If you're running a drug ring in your apartment, one of the problems you run into is where to store your drugs. Discreetly. For some enterprising dealers in Washington Heights, it involved some DIY home reno work: They decided to create "traps"—aka secret compartments—all over two apartments. For one, they removed four bathroom tiles to hide 17 pounds of crystal meth and then, in another apartment's kitchen, they stashed 24 pounds of heroin in a cabinet trap.
The authorities, including NYC Special Narcotics Prosecutor Bridget Brennan, NYPD Commissioner Bill Bratton, and DEA Acting Special Agent In Charge James Hunt, announced the arrests of Pablo Paulino, Pedro Abreu and Janeison Garcia, who are all charged with drug possession. The trio were busted on Monday, after agents saw them enter and leave 111 Wadsworth Avenue "repeatedly" and "carrying bags." And then they looked in their apartments.
In apartment 21E, there was a safe in the bedroom that had $120,000 cash, plus the bathroom "trap" with 17 pounds of crystal meth as well as shoe soles, which are used to conceal drugs during trafficking.
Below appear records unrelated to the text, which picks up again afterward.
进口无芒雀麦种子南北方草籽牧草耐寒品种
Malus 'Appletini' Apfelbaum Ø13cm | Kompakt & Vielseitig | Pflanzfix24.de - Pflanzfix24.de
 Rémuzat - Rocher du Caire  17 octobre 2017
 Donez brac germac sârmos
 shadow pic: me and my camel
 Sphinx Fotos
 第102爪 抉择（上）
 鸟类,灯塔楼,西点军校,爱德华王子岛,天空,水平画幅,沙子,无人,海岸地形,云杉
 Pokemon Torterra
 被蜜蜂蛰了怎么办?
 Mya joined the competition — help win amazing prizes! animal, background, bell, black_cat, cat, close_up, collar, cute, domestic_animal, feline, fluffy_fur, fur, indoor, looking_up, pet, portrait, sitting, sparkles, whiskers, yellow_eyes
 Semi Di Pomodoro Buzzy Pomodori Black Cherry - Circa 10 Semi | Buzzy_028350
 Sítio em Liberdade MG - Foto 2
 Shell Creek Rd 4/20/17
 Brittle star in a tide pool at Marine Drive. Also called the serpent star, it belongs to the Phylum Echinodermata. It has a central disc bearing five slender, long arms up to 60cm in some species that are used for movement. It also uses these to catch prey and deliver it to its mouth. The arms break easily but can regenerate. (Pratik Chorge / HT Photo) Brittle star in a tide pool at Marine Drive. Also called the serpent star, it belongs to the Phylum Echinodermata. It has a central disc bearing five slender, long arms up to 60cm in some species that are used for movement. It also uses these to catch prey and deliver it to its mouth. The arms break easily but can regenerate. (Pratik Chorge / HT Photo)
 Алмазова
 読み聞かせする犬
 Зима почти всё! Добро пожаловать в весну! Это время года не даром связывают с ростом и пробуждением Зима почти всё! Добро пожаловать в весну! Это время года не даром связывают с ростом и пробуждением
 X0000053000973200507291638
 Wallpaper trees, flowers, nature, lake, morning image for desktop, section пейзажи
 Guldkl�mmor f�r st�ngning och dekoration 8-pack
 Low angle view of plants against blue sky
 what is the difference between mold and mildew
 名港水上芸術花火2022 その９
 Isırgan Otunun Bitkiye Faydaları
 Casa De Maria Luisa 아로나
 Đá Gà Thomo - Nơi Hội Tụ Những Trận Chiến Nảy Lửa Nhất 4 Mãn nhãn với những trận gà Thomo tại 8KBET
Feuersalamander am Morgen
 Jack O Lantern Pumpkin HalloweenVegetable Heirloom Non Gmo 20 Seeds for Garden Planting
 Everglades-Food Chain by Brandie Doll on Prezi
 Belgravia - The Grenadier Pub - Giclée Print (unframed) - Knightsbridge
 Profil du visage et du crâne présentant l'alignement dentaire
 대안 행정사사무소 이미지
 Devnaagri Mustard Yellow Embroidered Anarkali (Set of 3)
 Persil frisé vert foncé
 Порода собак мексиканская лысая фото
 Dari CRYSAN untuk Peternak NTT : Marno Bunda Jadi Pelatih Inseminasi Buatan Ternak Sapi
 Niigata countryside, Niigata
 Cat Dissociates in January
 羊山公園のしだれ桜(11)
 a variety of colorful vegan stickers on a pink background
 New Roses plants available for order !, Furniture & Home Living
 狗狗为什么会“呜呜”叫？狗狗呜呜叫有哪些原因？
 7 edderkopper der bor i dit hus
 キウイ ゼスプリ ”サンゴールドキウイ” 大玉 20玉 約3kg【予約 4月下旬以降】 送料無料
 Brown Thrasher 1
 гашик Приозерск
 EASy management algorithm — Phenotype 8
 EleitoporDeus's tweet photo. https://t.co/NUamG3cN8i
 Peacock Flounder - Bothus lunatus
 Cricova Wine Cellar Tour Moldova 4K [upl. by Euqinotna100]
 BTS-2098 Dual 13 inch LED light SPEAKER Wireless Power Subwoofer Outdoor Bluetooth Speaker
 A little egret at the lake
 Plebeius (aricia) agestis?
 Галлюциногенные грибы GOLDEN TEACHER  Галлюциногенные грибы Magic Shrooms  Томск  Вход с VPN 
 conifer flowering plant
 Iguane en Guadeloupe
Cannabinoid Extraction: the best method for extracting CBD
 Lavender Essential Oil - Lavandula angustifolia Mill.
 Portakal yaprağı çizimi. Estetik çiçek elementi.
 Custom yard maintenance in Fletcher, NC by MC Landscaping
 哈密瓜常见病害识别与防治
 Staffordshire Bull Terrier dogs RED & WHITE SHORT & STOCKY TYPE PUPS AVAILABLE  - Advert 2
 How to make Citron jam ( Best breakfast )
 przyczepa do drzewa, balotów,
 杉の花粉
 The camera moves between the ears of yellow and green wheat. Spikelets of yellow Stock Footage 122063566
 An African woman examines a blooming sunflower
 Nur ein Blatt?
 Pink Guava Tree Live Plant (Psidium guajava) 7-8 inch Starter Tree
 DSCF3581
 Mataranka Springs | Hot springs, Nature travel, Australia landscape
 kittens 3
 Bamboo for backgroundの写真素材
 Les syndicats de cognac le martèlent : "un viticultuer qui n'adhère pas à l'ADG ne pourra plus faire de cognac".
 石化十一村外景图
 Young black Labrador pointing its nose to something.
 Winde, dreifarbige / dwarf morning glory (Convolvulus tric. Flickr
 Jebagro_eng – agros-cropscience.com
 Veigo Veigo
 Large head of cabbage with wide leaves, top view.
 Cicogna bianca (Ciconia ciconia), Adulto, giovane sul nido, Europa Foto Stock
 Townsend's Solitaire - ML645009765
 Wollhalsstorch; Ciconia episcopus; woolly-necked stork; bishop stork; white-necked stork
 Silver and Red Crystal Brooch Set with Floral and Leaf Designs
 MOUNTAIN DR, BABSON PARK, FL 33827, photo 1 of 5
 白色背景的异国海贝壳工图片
The authorities also found 100 grams of heroin in a jacket that was in a closet, plus burners, drug ledgers and an electrical bill for apartment 10E.
When they got to apartment 10E (after they got a search warrant), investigators encountered a "sophisticated counter surveillance system" which included pinhole cameras in the front door's frame; footage of the hallway was displayed on a monitor in the apartment's hallway and also recorded to a DVR. Inside the apartment, they found the 24 pounds of heroin bricks in a kitchen cabinet trap, which was only accessible by a sliding panel hidden behind the shelves; 11 pounds of heroin in between the mattress and box spring in the bedroom; 2 pounds of heroin in a TV stand; 5 pounds of heroin in a hidden bathroom compartment; and packaging materials and presses to make heroin bricks.
All together, $12 million in heroin and $500,000 in meth was seized. The authorities believe that the traffickers picked Washington Heights as a location because it's easy to access Long Island and points outside the city via the George Washington Bridge, Interstate 95 and the RFK Triborough Bridge. Abreu and Paulino are being held without bail while Garcia's bail was set at $250,000.